Rss Feed
  1. another day at home alone.

    Thursday, July 09, 2009

    nowadays there is like an automatic alarm clock in me. it will ring once at 12 something and around 1 oclock for the second time. it just depends whether do i want to get up from bed.

    3 hours just passed like that. all i did was reading blogs, checking up on my downloads, ate a little, watched a bit of nanny diaries, lied on the couch, thought too much, emoed, listened to some songs and reading a website published by gay writers.

    i suddenly felt that my house feels so quiet and empty. i am just like a nobody that sits in the corner that taps on the wireless network.

    i feel that my back pains are coming back on me. just some slight twitches.

    my mind is wandering so much. thinking about my birthday whether will i have the wishes i want. thinking about the day i leave. thinking about my life is melbourne. thinking about you.

    everything about you is suppose to fcking leave me. but why? i've been nagged soo much, lectured, telling how much it is not worth, telling me how pathetic i am, how stupid i am, wasting 2 years, wasting my youth BUT it doesnt make much difference to how i am now.

    as much as i know all those are true, my heart just doesnt want to say goodbye yet. i've felt foolish. i've felt stupid. i've felt unworthy. i've felt unbothered and uncared. so?

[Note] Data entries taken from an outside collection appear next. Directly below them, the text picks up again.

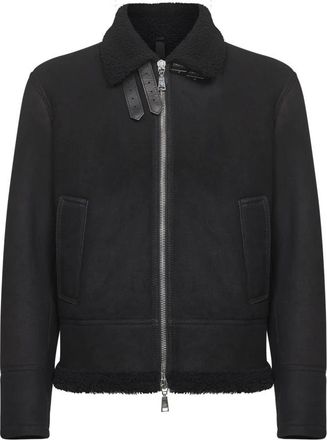 Tagliatore Shearling Jacket - Heren - Zomerjassen - Zwart - 2XL - Leer - Jassen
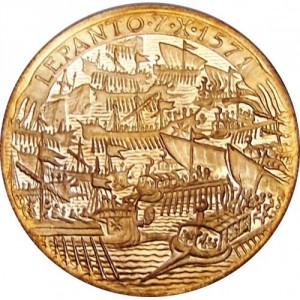 Реверс монеты Мальтийский орден, 10 грано, 1971, 400 лет Битве при Лепанто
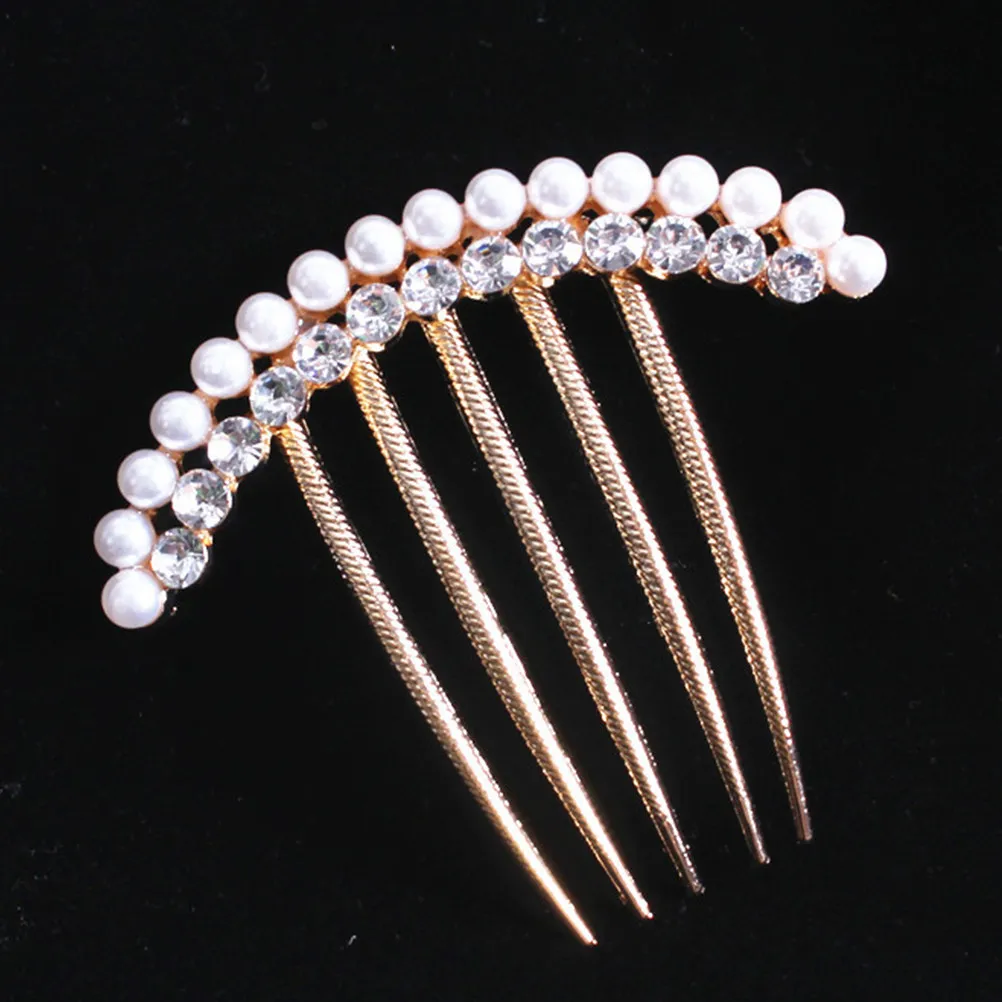 

Гребень для волос с жемчугом и стразами, заколка из сплава, украшение для волос на свадьбу, выпускной, вечеринку, головной убор для подружек невесты, невесты, девочек-цветочниц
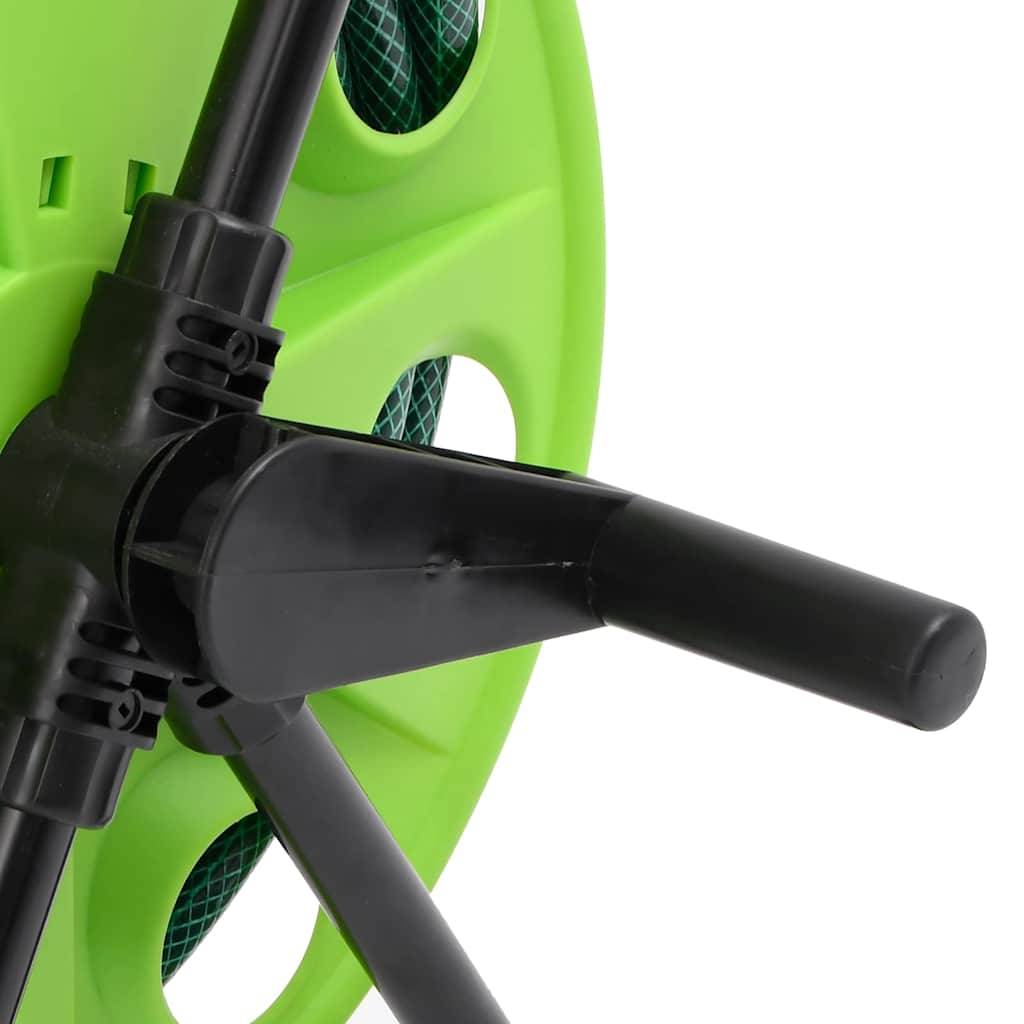 Chariot enrouleur avec tuyau acier galvanisé et PVC vert 46 x 50 x 66 cm - PANGIVO - Image 5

    i've never been dreaming so much.

    i guess at this point of time, hot guys are the only ones that will keep my mind off certain matters.

    i dont know.

    You, do you remember me?
    Like I remember you?

    I hate being on my own

    Somebody dreams about you every single night
    That Somebody's Me

    Cause you're always right here in my thoughts

    You'll always be in my life
    Even if I'm not in your life
    Because you're in my memory

    -bits and pieces of Somebody's Me by Enrique Iglesias-

    everything leaves a deep mark in me.
    that takes a long long time to be removed.